::: INFORMATION :::

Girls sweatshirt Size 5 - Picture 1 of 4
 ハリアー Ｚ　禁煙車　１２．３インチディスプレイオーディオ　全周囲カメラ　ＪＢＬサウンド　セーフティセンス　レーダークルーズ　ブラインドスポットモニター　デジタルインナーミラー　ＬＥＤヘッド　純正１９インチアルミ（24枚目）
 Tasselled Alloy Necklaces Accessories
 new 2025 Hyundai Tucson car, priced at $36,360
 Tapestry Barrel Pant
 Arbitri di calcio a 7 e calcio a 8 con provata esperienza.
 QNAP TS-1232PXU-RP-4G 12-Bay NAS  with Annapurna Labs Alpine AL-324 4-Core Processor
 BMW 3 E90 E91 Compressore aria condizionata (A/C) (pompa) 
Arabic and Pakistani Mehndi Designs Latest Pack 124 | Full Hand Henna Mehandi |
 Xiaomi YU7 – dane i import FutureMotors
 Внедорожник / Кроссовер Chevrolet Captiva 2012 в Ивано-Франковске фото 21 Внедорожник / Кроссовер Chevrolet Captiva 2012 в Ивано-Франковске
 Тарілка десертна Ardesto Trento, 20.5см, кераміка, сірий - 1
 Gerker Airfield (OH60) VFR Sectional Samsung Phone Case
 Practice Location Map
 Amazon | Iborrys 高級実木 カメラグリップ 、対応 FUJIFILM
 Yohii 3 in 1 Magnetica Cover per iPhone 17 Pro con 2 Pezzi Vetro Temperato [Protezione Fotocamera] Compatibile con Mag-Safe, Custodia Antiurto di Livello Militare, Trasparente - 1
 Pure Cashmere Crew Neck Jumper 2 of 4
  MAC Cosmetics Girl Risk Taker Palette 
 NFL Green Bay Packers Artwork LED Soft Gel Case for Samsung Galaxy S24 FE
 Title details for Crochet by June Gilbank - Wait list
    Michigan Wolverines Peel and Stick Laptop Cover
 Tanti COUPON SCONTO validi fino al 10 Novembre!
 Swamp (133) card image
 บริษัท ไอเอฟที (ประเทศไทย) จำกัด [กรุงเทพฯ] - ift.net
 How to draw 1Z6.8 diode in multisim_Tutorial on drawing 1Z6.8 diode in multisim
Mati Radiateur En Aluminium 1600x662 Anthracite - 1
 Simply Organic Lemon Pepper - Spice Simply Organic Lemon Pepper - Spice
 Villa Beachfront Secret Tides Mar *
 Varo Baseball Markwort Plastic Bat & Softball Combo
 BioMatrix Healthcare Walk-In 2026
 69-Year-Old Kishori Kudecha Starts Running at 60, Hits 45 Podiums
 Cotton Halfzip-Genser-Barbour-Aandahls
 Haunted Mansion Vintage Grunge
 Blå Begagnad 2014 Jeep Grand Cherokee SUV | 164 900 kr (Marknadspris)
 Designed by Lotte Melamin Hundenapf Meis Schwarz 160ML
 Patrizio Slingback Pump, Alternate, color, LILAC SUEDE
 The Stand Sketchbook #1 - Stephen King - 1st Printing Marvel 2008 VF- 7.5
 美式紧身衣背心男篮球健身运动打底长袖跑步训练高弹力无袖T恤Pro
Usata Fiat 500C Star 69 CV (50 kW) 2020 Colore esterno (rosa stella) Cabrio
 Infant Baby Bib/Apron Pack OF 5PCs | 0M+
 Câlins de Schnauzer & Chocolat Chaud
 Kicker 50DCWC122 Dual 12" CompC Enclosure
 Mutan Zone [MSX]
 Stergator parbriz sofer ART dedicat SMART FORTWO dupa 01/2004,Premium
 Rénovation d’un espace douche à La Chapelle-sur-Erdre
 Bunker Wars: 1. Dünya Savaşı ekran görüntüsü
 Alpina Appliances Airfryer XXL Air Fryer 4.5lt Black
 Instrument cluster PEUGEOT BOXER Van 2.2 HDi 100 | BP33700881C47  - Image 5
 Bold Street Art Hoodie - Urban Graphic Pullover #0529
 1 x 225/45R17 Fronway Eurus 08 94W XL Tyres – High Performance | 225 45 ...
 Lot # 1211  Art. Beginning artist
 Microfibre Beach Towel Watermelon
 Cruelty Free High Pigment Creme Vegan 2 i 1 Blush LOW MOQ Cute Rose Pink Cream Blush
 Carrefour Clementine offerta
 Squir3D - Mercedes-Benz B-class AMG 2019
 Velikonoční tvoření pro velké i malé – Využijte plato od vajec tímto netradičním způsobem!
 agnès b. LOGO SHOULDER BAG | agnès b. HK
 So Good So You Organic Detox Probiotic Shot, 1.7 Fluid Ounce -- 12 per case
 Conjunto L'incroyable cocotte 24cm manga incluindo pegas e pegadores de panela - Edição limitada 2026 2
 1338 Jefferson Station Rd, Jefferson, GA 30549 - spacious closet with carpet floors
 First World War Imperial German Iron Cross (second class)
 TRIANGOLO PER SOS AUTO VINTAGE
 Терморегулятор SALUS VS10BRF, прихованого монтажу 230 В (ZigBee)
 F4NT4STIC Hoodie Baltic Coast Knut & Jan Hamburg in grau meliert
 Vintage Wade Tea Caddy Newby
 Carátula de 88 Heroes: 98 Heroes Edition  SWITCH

:::

Write out exactly the lines of the entries above that run from the line containing "TRIANGOLO PER SOS AUTO VINTAGE" through the last line, including both.

 TRIANGOLO PER SOS AUTO VINTAGE
 Терморегулятор SALUS VS10BRF, прихованого монтажу 230 В (ZigBee)
 F4NT4STIC Hoodie Baltic Coast Knut & Jan Hamburg in grau meliert
 Vintage Wade Tea Caddy Newby
 Carátula de 88 Heroes: 98 Heroes Edition  SWITCH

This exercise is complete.